WWI Centennial “Bells of Peace”

By: 
TR Staff
Staff Writer

By Ellie Boese
treditor@times-online.com
2018 marks 100 years since World War I’s end, drawing to a close with the deadliest battle American soldiers have ever fought – the Meuse-Argonne Offensive – during which 26,277 Americans perished. As Veterans Day approaches, the “Bells of Peace” campaign in the United States calls for the country to ring bells at 11 a.m. on Nov. 11––recognizing the time and date the Armistice was signed in 1918.
The campaign is part of the North Dakota WWI Centennial Committee, a non-profit group, an independent state partner of the National Endowment for the Humanities, and funded in part by Humanities North Dakota. To ensure all those wishing to participate in “Bells of Peace” have the ability to do so, the committee has developed an app. This app, called “Bells of Peace: WWI Armistice,” is programmed to use a variety of bell sounds and automatically toll 21 times at 11 a.m. Nov. 11, joining thousands of other bells commemorating the exact moment a century ago when the war ended.
With the app joining churches, courthouses, universities and schools, millions across America will participate in the ceremonial remembrance on the morning of Nov. 11.
As the bells toll, communities remember all soldiers who died during the war.
North Dakota Governor Doug Burgum signed a proclamation on Nov. 5, designating Nov. 11, 2018, as World War I Remembrance Day. The proclamation officially asks all County Veterans Service Officers to read aloud from the courthouse steps the names of all North Dakota military members who died fighting in WWI, nearly 1,400––a lot of who perished in the final six months in France.
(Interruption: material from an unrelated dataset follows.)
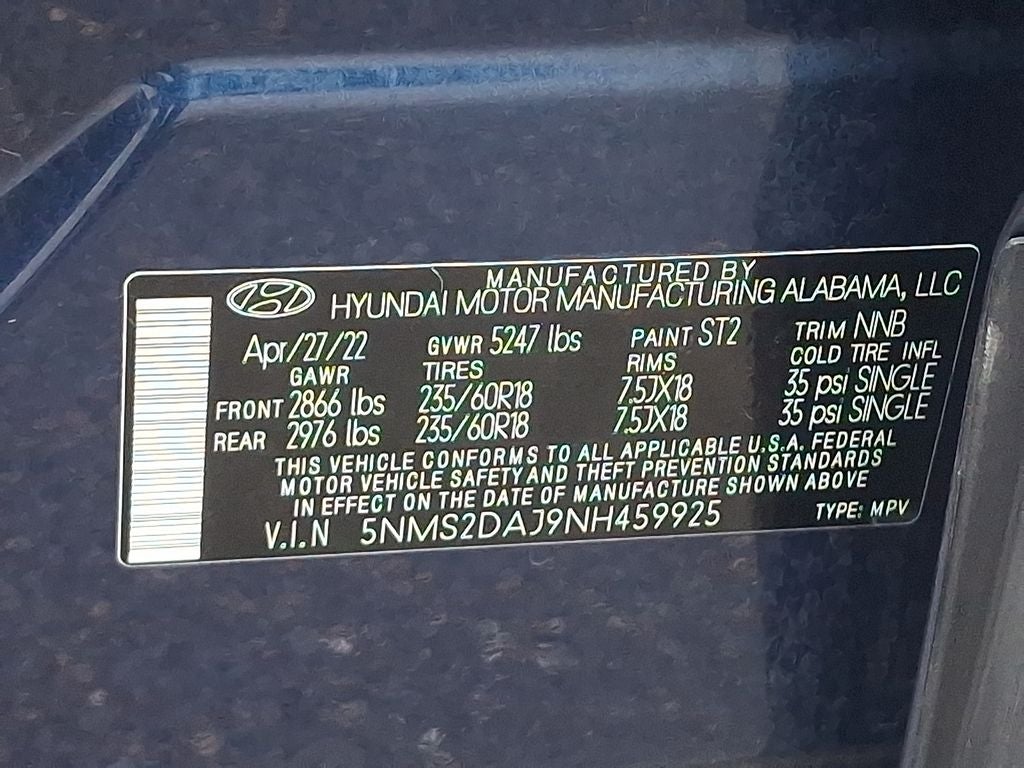 2022 Hyundai Santa Fe SEL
This reading immediately follows the 21 tolls of the bells.
As a part of the WWI Centennial project, Historian Barbara Handy-Marchello, of the State Historical Society of North Dakota, compiled a WWI Casualties List by North Dakota County.
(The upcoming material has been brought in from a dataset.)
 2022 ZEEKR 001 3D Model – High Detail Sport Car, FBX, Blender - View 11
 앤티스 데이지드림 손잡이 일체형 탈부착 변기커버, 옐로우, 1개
In Barnes County, Handy-Marcello’s study found, 42 men had died in WWI. Three of them, residents of Valley City, were awarded a Silver Star. One received the Medal of Honor.
Listed below are those from Barnes County who made the ultimate sacrifice in “The Great War.”
Key: Killed in Action (KIA), Died of Disease (DOD), Died of Wounds (DOW), Died of Accident (DOA), * entitled to wear a Silver Star, ** entitled to wear two Silver Stars. A few men drowned at sea. Other awards, such as the Congressional Medal of Honor are also identified. Names are spelled correctly as far as can be determined from military records and the U.S. Census.
Barnes County
Leonard Edward Algeo, Valley City (DOD); George Oscar Altringer, Wimbledon (DOW); George Otto Barnick, Valley City (DOA); John Alfred Barstad, Nome (DOD); Ralph Armijo Bergan, Valley City (DOD); Frank Boehm, Oriska (DOD); George D. Bremner, Pillsbury (KIA); Manuel Alfred Dahl, Valley City (DOD); Earl D. Findlay, Valley City (DOA); Edgar A. Fisher, Oriska (KIA); James Edward Fisher, Valley City (KIA); Bert Melvin Fossen, Fingal (DOW); William John Gravell, Valley City (DOW); James O. Hanson, Kathryn (DOD); Ernest Harrison, Urbana (DOD); Jack Humphrey, Valley City (KIA*); Martin A. Jacobson, Litchville (KIA); Johannes Frederick Jagd, Valley City (DOD); Daniel J. Mahoney, Valley City (KIA*); Early Ezra McLain, Valley City (DOD); Clair Edward Mead, Valley City (DOW); August Minnie, Valley City (KIA*); Ernest Oliver Myhre, Valley City (DOD); Frank Nelson, Valley City (KIA); Charles Karl Nielson, Valley City DOD; Albert Nansen Olson, Dazey (KIA); Andrew Olson, Hastings (KIA); Carl Olson, Valley City (DOD); John Vernon Raaen, Fingal (KIA); Ross Ray Reid, Valley City (KIA); Benjamin J. Seifert, Valley City (DOA); Harold Sharp, Valley City (KIA); Fred Eliphaz Smith,Valley City (KIA) Medal of Honor ; Kenneth Mark Sollin, Valley City (DOD); Ole Staxrud, Valley City (KIA) ; Emil Oscar Stubstad, Dazey (KIA); Stephen Swanson, Valley City (DOD) ; Maurice Verschelde, Valley City (DOD); Ray Earl Vessey, Valley City (DOD); Thomas John Wallace, Valley City (DOD); Elmer Ben Winters, Wimbledon (DOD)[UND]^; Martin Wold, Valley City (KIA).